** AVAILABLE DATA follows **

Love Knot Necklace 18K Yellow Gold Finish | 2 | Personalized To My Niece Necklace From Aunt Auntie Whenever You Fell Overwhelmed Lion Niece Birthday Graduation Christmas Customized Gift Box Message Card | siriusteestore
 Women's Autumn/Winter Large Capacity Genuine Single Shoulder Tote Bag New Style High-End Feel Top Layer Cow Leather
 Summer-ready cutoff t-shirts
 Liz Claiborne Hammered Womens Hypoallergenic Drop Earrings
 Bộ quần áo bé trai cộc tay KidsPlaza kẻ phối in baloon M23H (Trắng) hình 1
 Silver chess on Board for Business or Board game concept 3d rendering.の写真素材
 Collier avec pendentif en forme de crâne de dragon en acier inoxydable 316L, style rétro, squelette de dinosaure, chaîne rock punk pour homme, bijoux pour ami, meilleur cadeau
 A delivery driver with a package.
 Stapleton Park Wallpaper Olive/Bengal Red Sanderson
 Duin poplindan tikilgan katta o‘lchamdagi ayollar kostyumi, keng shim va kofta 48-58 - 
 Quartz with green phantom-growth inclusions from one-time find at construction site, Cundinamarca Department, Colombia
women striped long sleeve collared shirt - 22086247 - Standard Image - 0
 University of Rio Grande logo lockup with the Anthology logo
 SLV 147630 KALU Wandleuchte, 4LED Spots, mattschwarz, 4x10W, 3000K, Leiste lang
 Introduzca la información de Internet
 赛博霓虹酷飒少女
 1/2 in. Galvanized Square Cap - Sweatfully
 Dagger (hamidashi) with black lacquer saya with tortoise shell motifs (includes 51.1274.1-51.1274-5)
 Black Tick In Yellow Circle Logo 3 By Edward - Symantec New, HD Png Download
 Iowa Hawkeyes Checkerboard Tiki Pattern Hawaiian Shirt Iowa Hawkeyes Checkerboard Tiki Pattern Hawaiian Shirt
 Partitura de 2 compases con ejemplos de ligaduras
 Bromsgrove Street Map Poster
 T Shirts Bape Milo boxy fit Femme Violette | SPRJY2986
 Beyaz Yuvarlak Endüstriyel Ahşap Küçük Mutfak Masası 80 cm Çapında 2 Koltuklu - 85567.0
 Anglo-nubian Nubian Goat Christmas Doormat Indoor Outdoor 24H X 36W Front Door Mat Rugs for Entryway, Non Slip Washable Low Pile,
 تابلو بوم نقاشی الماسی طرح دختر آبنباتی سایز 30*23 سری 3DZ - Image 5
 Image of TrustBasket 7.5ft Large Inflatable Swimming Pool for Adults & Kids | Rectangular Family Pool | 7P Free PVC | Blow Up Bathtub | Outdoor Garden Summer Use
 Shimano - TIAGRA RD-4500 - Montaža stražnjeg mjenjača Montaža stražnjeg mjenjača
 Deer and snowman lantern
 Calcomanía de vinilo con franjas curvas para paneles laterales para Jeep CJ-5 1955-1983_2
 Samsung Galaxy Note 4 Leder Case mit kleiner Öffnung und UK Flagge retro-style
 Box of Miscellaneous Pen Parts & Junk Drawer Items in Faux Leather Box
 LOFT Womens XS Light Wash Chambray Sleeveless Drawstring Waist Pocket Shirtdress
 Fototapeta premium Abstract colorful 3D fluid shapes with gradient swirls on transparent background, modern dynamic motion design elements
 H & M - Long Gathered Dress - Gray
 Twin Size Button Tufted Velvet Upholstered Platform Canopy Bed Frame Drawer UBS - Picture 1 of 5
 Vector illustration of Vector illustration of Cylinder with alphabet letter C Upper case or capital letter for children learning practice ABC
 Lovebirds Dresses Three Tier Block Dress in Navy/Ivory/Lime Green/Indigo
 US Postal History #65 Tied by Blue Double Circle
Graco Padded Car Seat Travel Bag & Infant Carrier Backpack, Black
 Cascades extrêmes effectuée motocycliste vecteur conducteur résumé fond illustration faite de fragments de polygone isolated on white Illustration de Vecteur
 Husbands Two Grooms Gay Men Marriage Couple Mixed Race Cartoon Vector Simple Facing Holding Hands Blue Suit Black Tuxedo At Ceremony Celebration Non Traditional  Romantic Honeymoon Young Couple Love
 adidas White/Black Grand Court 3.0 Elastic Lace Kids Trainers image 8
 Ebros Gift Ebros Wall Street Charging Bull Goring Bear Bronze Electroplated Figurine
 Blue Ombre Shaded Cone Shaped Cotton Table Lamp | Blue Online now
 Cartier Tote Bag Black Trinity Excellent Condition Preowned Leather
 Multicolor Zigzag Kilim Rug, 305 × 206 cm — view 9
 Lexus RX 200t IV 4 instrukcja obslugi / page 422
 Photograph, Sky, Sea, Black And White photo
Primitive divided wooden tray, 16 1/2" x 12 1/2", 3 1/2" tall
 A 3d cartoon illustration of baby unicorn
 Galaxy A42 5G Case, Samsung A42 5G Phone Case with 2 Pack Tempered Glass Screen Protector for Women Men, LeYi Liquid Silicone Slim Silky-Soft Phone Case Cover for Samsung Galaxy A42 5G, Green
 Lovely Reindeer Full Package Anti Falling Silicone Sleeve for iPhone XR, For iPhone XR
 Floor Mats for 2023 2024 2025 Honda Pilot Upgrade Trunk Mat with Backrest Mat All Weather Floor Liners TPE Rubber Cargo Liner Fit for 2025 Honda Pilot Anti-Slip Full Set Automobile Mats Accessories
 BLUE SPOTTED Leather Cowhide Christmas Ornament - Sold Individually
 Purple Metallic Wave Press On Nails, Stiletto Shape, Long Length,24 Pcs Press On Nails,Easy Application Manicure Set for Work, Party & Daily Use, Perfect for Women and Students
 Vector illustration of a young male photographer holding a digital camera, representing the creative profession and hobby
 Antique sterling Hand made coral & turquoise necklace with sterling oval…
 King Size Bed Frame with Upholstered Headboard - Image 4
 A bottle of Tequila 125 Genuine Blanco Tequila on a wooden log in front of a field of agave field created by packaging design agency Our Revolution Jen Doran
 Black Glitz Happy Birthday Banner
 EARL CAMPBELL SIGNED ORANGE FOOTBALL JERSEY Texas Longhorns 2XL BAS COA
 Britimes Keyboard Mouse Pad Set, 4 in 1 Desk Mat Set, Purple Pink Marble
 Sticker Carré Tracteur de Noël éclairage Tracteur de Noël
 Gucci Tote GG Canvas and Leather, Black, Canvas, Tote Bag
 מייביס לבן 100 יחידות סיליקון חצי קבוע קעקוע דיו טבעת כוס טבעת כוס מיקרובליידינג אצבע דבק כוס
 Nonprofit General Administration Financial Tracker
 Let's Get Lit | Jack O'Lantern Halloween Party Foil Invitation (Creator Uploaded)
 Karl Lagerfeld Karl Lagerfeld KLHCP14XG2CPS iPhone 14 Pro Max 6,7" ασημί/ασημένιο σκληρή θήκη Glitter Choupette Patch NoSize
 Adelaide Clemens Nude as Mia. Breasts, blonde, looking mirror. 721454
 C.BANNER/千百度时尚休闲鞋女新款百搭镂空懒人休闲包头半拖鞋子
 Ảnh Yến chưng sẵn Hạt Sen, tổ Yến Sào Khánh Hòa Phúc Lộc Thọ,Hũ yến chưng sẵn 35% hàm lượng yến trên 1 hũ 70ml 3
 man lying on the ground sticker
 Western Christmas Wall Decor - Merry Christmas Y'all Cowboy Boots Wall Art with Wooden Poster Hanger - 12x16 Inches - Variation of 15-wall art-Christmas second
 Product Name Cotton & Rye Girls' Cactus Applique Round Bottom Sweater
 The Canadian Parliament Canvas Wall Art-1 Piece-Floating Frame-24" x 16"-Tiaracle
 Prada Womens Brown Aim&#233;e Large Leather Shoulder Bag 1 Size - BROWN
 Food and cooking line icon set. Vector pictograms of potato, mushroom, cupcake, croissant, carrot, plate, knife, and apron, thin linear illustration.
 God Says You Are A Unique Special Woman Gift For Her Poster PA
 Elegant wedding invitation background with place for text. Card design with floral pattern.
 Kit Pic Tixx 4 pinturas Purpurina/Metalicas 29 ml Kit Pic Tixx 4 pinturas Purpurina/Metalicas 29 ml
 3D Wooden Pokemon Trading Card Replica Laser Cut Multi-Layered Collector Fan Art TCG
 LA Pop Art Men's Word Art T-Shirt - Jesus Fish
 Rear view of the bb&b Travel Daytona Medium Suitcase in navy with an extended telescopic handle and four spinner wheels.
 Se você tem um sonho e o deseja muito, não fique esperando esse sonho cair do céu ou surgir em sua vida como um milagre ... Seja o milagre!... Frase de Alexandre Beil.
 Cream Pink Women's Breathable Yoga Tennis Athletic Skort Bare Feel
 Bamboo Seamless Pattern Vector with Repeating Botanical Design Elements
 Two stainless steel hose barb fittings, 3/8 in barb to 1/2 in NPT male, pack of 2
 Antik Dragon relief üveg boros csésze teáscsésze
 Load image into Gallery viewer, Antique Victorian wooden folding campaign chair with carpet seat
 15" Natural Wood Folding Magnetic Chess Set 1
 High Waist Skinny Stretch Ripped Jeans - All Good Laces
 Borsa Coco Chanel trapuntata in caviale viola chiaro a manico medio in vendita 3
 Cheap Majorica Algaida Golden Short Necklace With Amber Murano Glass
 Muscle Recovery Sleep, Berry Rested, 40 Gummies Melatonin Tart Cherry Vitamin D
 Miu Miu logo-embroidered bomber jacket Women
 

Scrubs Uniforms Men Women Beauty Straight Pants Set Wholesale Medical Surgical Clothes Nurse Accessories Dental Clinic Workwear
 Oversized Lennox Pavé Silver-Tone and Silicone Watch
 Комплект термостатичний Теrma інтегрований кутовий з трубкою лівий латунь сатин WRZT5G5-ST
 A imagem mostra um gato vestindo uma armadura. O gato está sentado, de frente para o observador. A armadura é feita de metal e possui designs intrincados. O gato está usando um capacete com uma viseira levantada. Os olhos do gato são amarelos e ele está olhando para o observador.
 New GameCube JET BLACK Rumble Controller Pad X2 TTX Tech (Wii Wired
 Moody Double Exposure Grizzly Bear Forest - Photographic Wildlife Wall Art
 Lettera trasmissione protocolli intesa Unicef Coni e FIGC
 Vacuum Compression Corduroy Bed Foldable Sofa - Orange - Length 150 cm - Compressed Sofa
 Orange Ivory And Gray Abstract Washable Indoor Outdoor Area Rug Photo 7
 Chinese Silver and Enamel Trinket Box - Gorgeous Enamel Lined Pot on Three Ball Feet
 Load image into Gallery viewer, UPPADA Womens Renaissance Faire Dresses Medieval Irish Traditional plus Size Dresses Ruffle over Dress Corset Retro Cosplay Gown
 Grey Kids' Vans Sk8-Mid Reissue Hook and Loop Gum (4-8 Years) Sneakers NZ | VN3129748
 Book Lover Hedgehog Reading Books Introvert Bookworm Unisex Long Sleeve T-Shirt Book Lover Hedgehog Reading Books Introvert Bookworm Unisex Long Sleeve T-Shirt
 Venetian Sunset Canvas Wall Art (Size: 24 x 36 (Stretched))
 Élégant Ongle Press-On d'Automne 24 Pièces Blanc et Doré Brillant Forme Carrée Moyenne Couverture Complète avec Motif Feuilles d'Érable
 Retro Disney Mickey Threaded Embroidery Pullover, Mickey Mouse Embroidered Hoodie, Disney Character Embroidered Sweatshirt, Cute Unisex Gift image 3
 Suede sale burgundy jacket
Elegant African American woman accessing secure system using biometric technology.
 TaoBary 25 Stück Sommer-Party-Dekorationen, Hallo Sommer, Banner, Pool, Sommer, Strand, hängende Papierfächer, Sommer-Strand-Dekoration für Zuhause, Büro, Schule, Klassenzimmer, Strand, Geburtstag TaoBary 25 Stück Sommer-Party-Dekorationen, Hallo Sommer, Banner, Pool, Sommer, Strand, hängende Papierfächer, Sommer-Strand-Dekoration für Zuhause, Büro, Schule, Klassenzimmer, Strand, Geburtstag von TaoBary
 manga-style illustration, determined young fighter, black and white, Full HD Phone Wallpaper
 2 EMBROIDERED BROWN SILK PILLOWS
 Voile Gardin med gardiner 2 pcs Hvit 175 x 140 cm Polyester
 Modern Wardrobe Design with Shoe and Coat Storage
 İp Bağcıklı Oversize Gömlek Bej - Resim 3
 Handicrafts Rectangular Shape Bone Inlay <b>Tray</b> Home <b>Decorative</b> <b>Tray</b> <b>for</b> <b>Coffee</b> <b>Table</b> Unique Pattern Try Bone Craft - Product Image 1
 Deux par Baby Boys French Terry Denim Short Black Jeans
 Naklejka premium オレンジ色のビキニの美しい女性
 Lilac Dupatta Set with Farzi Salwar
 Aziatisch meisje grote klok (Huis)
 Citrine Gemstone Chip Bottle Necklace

** End of AVAILABLE DATA **

DIRECTIONS FOR THIS TASK:
Looking at the data above, return every line from the one with "Elegant wedding invitation" down to the one with "Bamboo Seamless Pattern", exactly and inclusively.

EXERCISE ANSWER:
 Elegant wedding invitation background with place for text. Card design with floral pattern.
 Kit Pic Tixx 4 pinturas Purpurina/Metalicas 29 ml Kit Pic Tixx 4 pinturas Purpurina/Metalicas 29 ml
 3D Wooden Pokemon Trading Card Replica Laser Cut Multi-Layered Collector Fan Art TCG
 LA Pop Art Men's Word Art T-Shirt - Jesus Fish
 Rear view of the bb&b Travel Daytona Medium Suitcase in navy with an extended telescopic handle and four spinner wheels.
 Se você tem um sonho e o deseja muito, não fique esperando esse sonho cair do céu ou surgir em sua vida como um milagre ... Seja o milagre!... Frase de Alexandre Beil.
 Cream Pink Women's Breathable Yoga Tennis Athletic Skort Bare Feel
 Bamboo Seamless Pattern Vector with Repeating Botanical Design Elements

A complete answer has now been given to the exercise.